Britain’s car firms on brink of golden age: Minister reveals investors set to pump billions into electric vehicles – in boom to rival 1930s
- Lord Grimstone said the surge would be driven by billions of pounds of foreign investment into electric cars as manufacturers race to meet soaring demand
- He said the investment into electric vehicles would turbocharge the car industry in the same way the boom in mass production did from the 1930s to the 1950s
- Lord Grimstone revealed that the UK has 3,000 potential investment deals in the pipeline across the economy
Britain’s car industry is on the cusp of a new golden age of manufacturing that will rival the production boom of nearly a century ago, the Investment Minister Lord Grimstone has said.
The former Barclays and Standard Life chairman – who was also an adviser to Margaret Thatcher – said the surge would be driven by billions of pounds of foreign investment into electric cars as manufacturers race to meet soaring demand.
He said the huge wave of investment into electric vehicles would turbocharge the car industry in the same way the boom in mass production did from the 1930s to the 1950s, when Britain became the biggest exporter of cars in the world.

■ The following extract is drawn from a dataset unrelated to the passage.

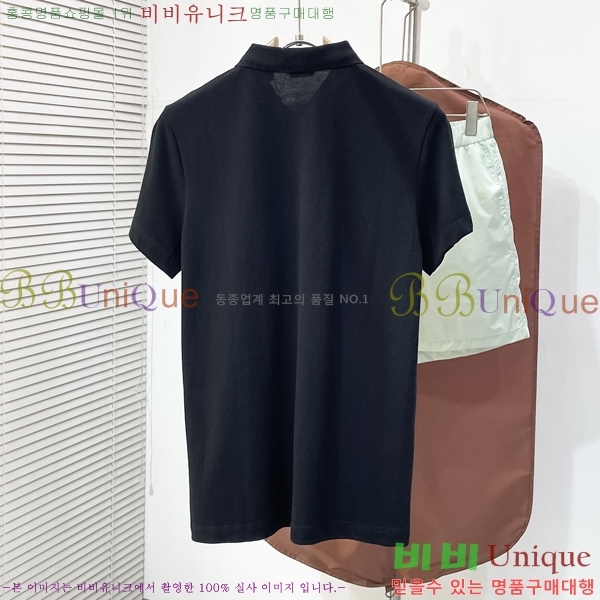 ���� ������ ī�� ���� Ƽ���� BU315647-2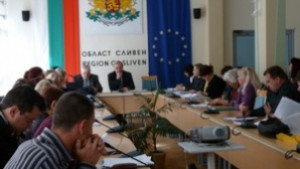 До края на месеца приемат Областната стратегия за социални услуги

Driving force: Lord Grimstone said the surge in production would be driven by billions of pounds of foreign investment into electric cars
Lord Grimstone, an unpaid Minister who runs the Government’s Office for Investment, revealed that the UK has 3,000 potential investment deals in the pipeline across the economy.
This equates to ‘tens of billions’ of pounds of potential foreign investment into the UK over the next three years, he said, creating as many as 700,000 jobs in the coming decade.
Top of the list for foreign investors is electric car manufacturing and its supply chain, he told The Mail on Sunday, adding: ‘We are on the cusp of an auto renaissance that will take us back to the 1930s. This is a customer driven thing. All the car manufacturers have been caught short by the pace at which people are moving to electric vehicles.
‘Electric vehicles are going to be the business model for the next 30, 50 years. If Britain gets its fair share, or more than its fair share, it’ll set us up completely.’
Britain overtook France to become Europe’s biggest car maker in 1932, led by manufacturers such as Morris, Austin and Ford. By 1950, it produced 52 per cent of global car exports, driven by demand from the US, where demand outstripped supply.
That dominance started to fall away in the 1960s and 1970s, as British firms struggled to match cheaper models produced by rivals in Japan, Europe and the US. Lord Grimstone said he expected car manufacturing to return to the thriving industry it was ’50 or 60 years ago in this country’ before the decline.
He said that as well as the manufacture of vehicles, foreign investors were interested in funding the electric car supply chain, such as ‘gigafactories’ to make batteries for the cars.
Last month, Japanese firm Nissan announced a £1billion electric vehicle hub in Sunderland. Meanwhile, Dutch-based Stellantis, the owner of Vauxhall, is investing £100million in building electric vans at its Ellesmere Port plant in Cheshire. And Jaguar Land Rover is set to become an all-electric luxury brand by 2025, launching six new pure electric models from 2024.
UK car production in July fell to its lowest level since 1956 – to just 53,438 vehicles due to the semiconductor chip shortage and the ‘pingdemic’. But UK factories have produced a record 126,757 electric or hybrid cars since the start of the year.
Industry forecasts suggest electric vehicles will make up 25 per cent of total new car sales in 2025, up from 6.6 per cent in 2020. They are expected to rise to 70 per cent of new car sales in 2030 and 100 per cent by 2035.
Critics have warned that electric cars cannot take over from petrol or diesel until battery life improves and more charging points are installed.
But Fiona Howarth, chief executive of Octopus Electric Vehicles, which has installed more than 100,000 charging points in the UK, said: ‘The upward trend in electric car sales is painting a very clear picture – we are on the cusp of the electric car revolution, not only here but across the world. This is the biggest transition the auto industry has seen for 100 years, and offers huge opportunities for new businesses and brands. We see that drivers are open to trying new brands, and car manufacturers are in need of new components and talent in volume.’
Lord Grimstone sparked controversy last week, saying UK firms were better off under foreign ownership as they were more productive and generated more exports and jobs.
Critics warned that some overseas investors had proved themselves ‘rapacious predators’. Lord Grimstone said the National Security and Investment Act, which comes into force in January, should stop ‘harmful’ investments ‘coming in the back door’.
The Government has announced a £2.3billion fund to support electric vehicle manufacture and its supply chain, including gigafactories and charging points.
In October it will hold a summit to attract more overseas investors. Popular sectors also include offshore wind, life science and fintech, Lord Grimstone said.